2 – Le texte catholique officiel n’est pas cette Déclaration, mais la « Réponse de l’Eglise catholique à la Déclaration commune ». Réponse rédigée par le cardinal Ratzinger, qui pointait des « difficultés », dont la première est qu’une de ses formulations tombe sous les anathèmes du concile de Trente… (D’où une « annexe » ajoutée ensuite à la Déclaration, donnant une précision qui permettait d’échapper aux anathèmes…) Puis il y eut le propos (en français ici, avec les autres documents sauf l'annexe) de Jean-Paul II, pourtant si œcuméniste, minimisant clairement la portée du document.

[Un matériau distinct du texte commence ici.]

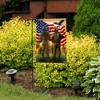 Briarwood Lane Everyday Garden Flag 12x18 For Outdoor American Soldiers Garden Flag Flags For Outside - 4 of 4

3 – L’année suivante, en juin 1999, le cardinal Ratzinger souligna que la Déclaration avait « clarifié » des formules et des « controverses classiques », mais que « le problème devient plus réel si l'on tient compte de la présence de l'Eglise dans le processus de justification, la nécessité du sacrement de pénitence. Ici se révèlent les vraies différences. » Du point de vue catholique on ne peut pas parler de la justification sans parler des sacrements. Et là on retrouve de façon impressionnante le Benoît XVI du 28 juin 2016 :
Il est important de noter que Dieu agit réellement dans l'homme. Il le transforme, il crée quelque chose de nouveau dans l'homme, il ne donne pas seulement un jugement presque juridique, extérieur à l'homme. Cela a une portée beaucoup plus générale. Il y a une transformation du cosmos et du monde. Pensons par exemple à l'Eucharistie. Nous catholiques, disons qu'il ya une transsubstantiation, que la matière devient le Christ. Luther parle au contraire de coexistence: la matière reste telle, et coexiste avec le Christ. Nous catholiques, nous croyons que la grâce est une véritable transformation de l'homme et une transformation initiale du monde, et elle n'est pas, comme vous le dites bien, seulement une couverture ajoutée qui ne rentre pas vraiment au cœur de la réalité humaine.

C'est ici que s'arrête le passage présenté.